Most Disappointing Film: "Summer of 85." The decorated director François Ozon has a way of outfoxing your expectations, so the idea of his filming a nostalgic love story between two young men on the coast of Normandy, while also adding in elements of mystery and potential murder, sounded more than intriguing. Alas, the narrative, mired as it is between melodrama and nonsense, doesn't work in very basic ways, and much of the good work from its leads, Felix Lefebvre and Benjamin Voison, gets wasted in service to Ozon's gruel-thin plot symmetrics.

Best Documentary: "MLK/FBI." In a crowded field of solid docs (including "76 Days," and "The Way I See It"), Sam Pollard's examination of J. Edgar Hoover's obsession with the Civil Rights leader stands out largely because of the intriguing context it brings to what was thought to be a known situation. In Pollard's contention, based largely on the work of historian David Garrow, who's interviewed throughout, Hoover wasn't particularly concerned about Martin Luther King Jr. in the beginning of the minister's political activism, that is, until a known communist sympathizer, the civil rights lawyer Stanley Levison, became part of King's inner circle and was thought to be influencing the entire Civil Rights movement toward socialism. That's when Hoover's FBI began wiretapping King at every opportunity, with the intention of getting enough dirt to discredit him if he became too powerful. It's strong stuff.

Most Potent: "New Order." You know the sorts of stories that unfurl in a way that condemns absolutely everybody in the process? Michel Franco's astonishing political diatribe, about a rising group of protesters who go after the uber-wealthy, French Revolution-style, and the rich family who come under their siege, works as an Orwellian anti-fable, where the only morally decent characters suffer as much or more than the assorted villains, who are everywhere, and impossible to stop. Far from didactic, the film castigates virtually the whole of society, making a powerful case as to how we're all poised upon our utter destruction, as well as the planet we inhabit.

Best Actor: Kingsley Ben-Adir, "One Night in Miami." In a festival where several big-name stars did fine work -- Mark Wahlberg in "Good Joe Bell"; Idris Elba in "Concrete Cowboy" -- the largely unknown Ben-Adir, whose previous roles include TV shows such as "The OA," and "High Fidelity," is absolutely mesmerizing as Malcolm X in the aforementioned film from Regina King.

Best Actress: Frances McDormand, "Nomadland." On the surface, the fantastic McDormand, who's made a career out of playing stubbornly prickly freethinkers, would seem to be playing to type here, with her turn as the fearlessly obstinate heroine in Chloe Zhao's brilliant film (see below) about a woman who lives her life on the road, but nothing here is the least bit skin deep.

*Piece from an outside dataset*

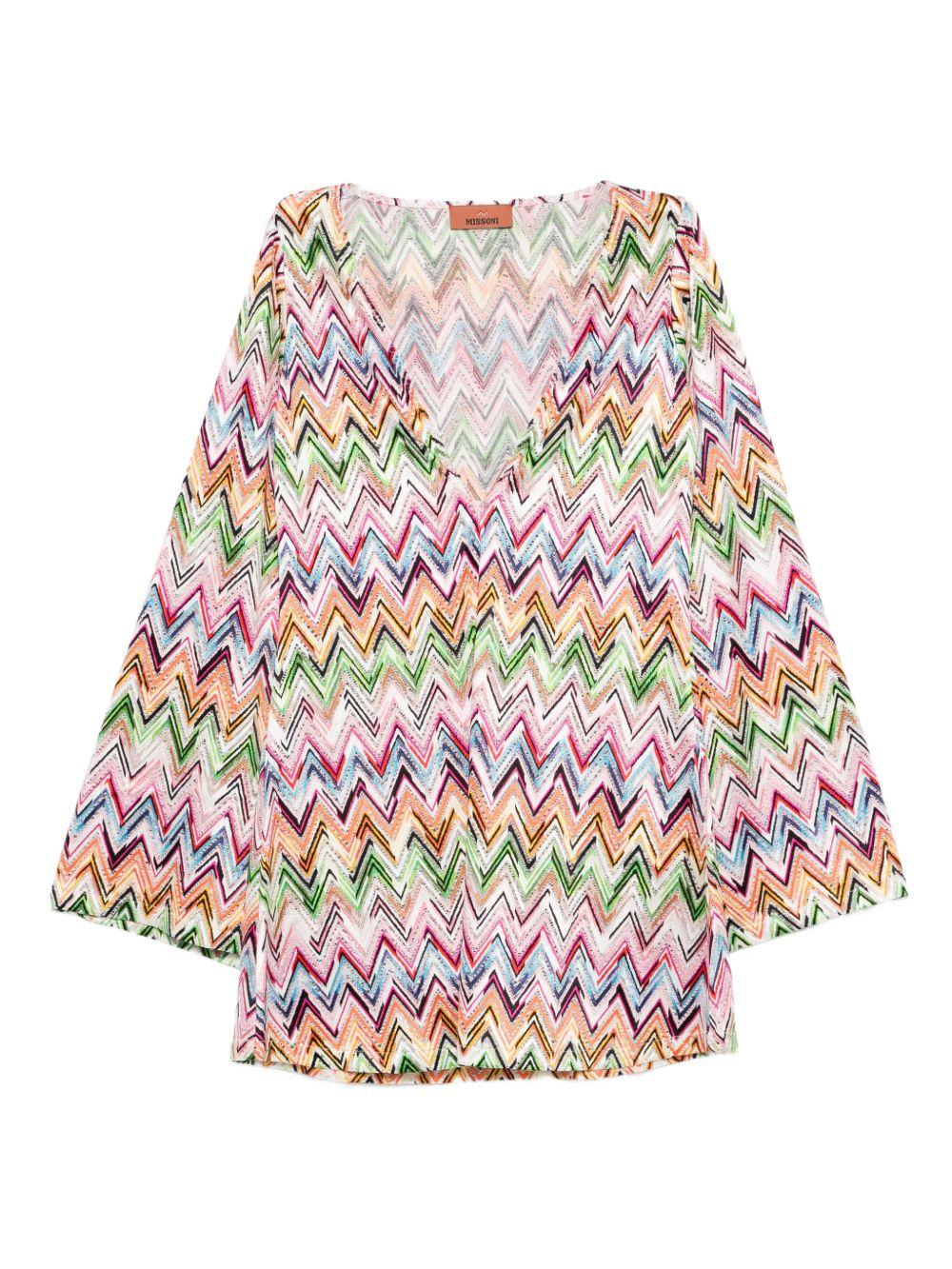 MISSONI Abito corto bianco/multicolore con scollo a V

McDormand's Fern may be fierce and uncompromising, but she's also warm as summer topsoil and soft in ways that belie her ferocious determination to live her life in the manner of her choosing. No one knows how this year's award season will even take place, but whatever gets decided, you can depend on a flurry of nominations for the indomitable Ms. McD.

Best Film: "Nomadland." It's not often I'm in agreement with TIFF's People's Choice Award -- the last few years have seen the execrable "Green Book" and "Three Billboards Outside Ebbing, Missouri" take home the coveted prize -- but in this case, everyone seems to be on the same page: Chloe Zhao's film, quietly profound, deeply moving, and indelibly real, has to be among the best films of the year. Filled with the best sort of visual poetics, and knock-out performances not just from pros McDormand and David Strathairn, but also real such nomads, essentially playing themselves, it's a portrait of this country, and the insatiable American drive for the road, that eschews political rift for basic humanity. It can't begin to heal the nation -- that's too much to put on any art form at this point -- but at least it points to other possibilities of community.